The extraordinary luminous circles that now grace the sixty-by-twenty-foot wall of the Equinox Spa and Gym in Dallas were pitched without Chris ever having painted a single circular piece of acrylic. Subsequently one viewer reveling at the installation led to his next challenge, a commission inspired by that same Equinox piece, for the lobby of the new Dove Mountain Ritz Hotel, in Tucson, Arizona.
From the smallest to the largest work, the majesty and magnitude of each is equally imbued with color and suffused with magical light. Yet the simplicity of his pieces belies a complex underpinning of thought and technique. While the metallic paints impart a luminosity that changes depending upon the angle of viewing, the paint dries very quickly.
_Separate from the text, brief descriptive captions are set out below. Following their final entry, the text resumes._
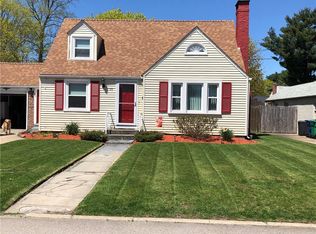59 Pilgrim Dr, Warwick, RI 02888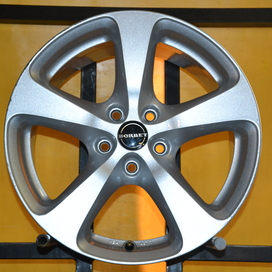Használt Borbet VW-Audi-Seat-Skoda(6-2231)(HA)(JF)Használt alufelni 17coll 5x112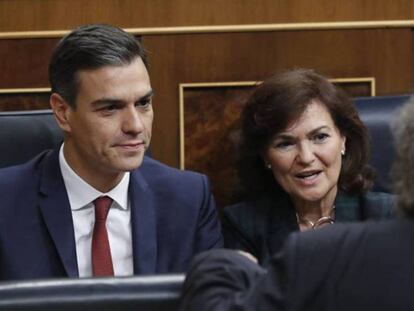 Pedro Sánchez y Carmen Calvo conversan con Joan Tardá en el Congreso.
Chris has described painting this way like a chess game – thinking four or five moves ahead to avoid literally painting himself, and the piece, into a corner.
“The closer a piece is to natural formations or patterns the more successful I feel it is”, says Martin. “There is a great art piece by Marcel Duchamp. I can’t remember the title, but he left a piece of glass in nature for a year and then represented it as art. It’s an example of the artistic effect of time and weather. It also challenges what we think of as art.”
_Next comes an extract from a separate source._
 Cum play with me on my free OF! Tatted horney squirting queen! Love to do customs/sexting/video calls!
For Martin, art is a very internal process. His abstractions draw on “patterns of nature occurring within other patterns,” and are then processed through soul-searching sessions of substantive painting. From his studio looking out at the east Texas fields Chris marvels, “When you observe wood grains, the veining of a marble slab, the alternating colors in petrified wood, sand dunes, rivers, mountains, deserts, cellular formations, they are all inherently poetic and attuned to the laws of abstraction. Study them closely, and you’ll identify compositions of wondrous abstraction. We are surrounded by these masterpieces.”
Several works are studies detailing foliage markings while others capture random patterns of water droplets or splashes - allowing the viewer a peek into an organic kaleidoscope of unexpected order. It is precisely this order which harnesses the colorful chaos, bringing strength and harmony to each work. But Martin didn’t plan it this way – he creates by allowing each painting to take on a life of its own – experimenting until “the piece finds its pulse, that’s the exciting part”, he says.
Constantly experimenting with application methods keeps Christopher freshly engaged. His wit is apparent when he says, “The control and manipulation of patterns of water and paint is much like herding cats,” but the end results can be truly beautiful."